**Records supplied:**
◆ ◆ ◆
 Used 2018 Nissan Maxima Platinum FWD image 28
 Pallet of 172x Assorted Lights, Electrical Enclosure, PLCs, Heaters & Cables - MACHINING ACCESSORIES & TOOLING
◆ ◆ ◆
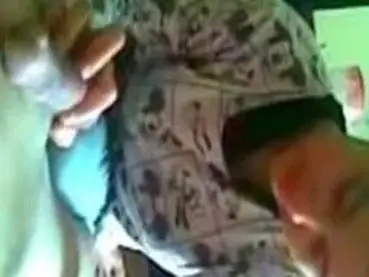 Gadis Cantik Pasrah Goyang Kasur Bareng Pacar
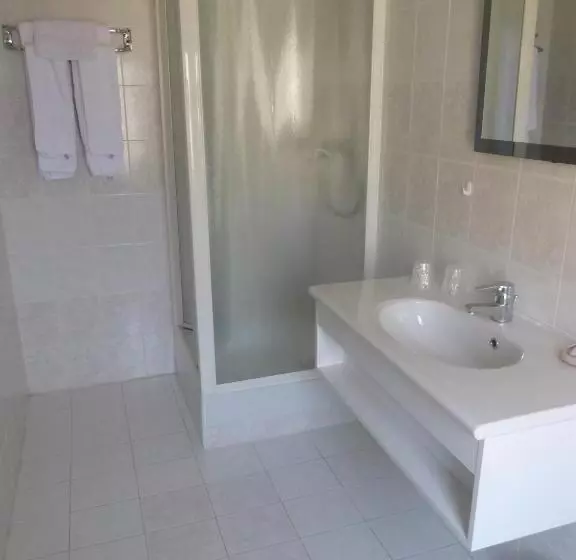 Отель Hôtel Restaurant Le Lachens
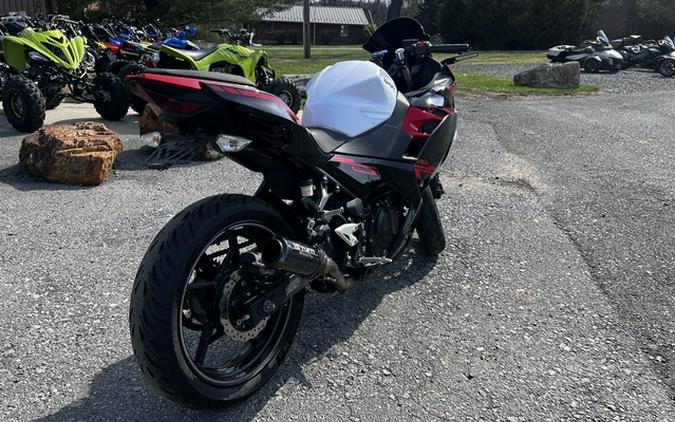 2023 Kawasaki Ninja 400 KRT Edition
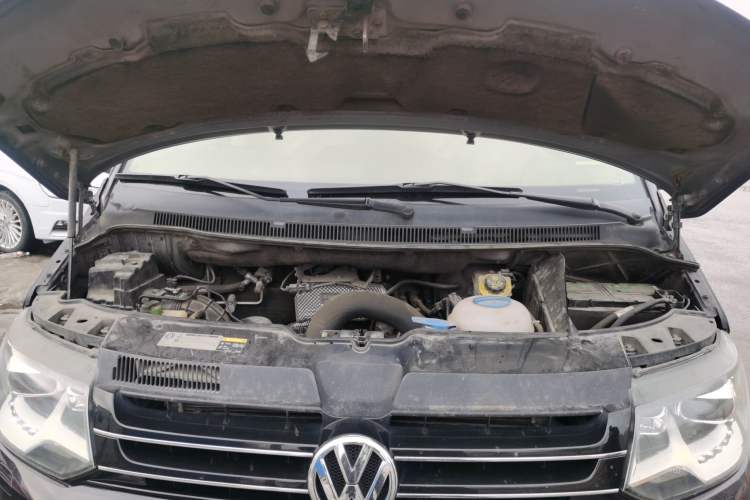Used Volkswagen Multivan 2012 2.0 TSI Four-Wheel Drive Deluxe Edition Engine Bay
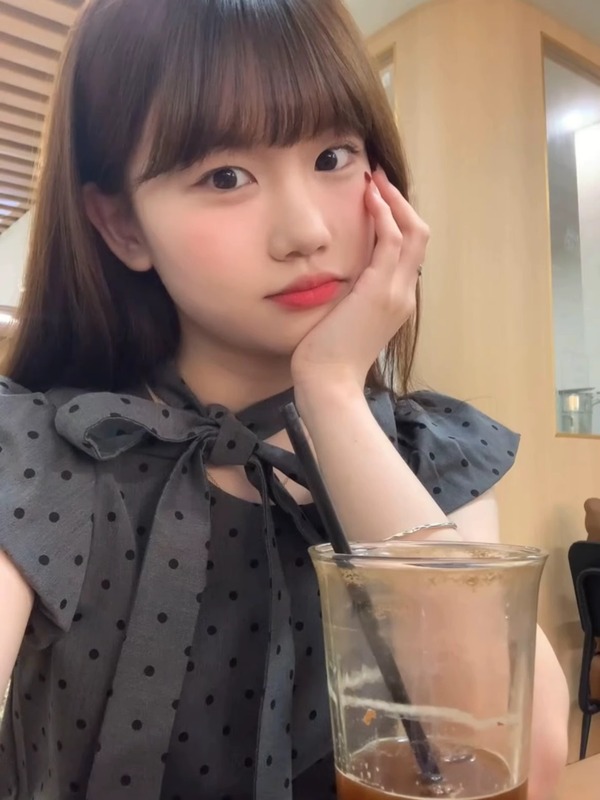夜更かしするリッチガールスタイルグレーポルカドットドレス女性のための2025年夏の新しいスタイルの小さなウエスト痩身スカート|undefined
◆ ◆ ◆
**Aim of the task:** Nothing but the lines from the one with "Used Volkswagen Multivan" up to and including the one with "夜更かしするリッチガールスタ" should be printed, exactly as they read above. Please keep the pictures out.

**Answer area:**
Used Volkswagen Multivan 2012 2.0 TSI Four-Wheel Drive Deluxe Edition Engine Bay
夜更かしするリッチガールスタイルグレーポルカドットドレス女性のための2025年夏の新しいスタイルの小さなウエスト痩身スカート|undefined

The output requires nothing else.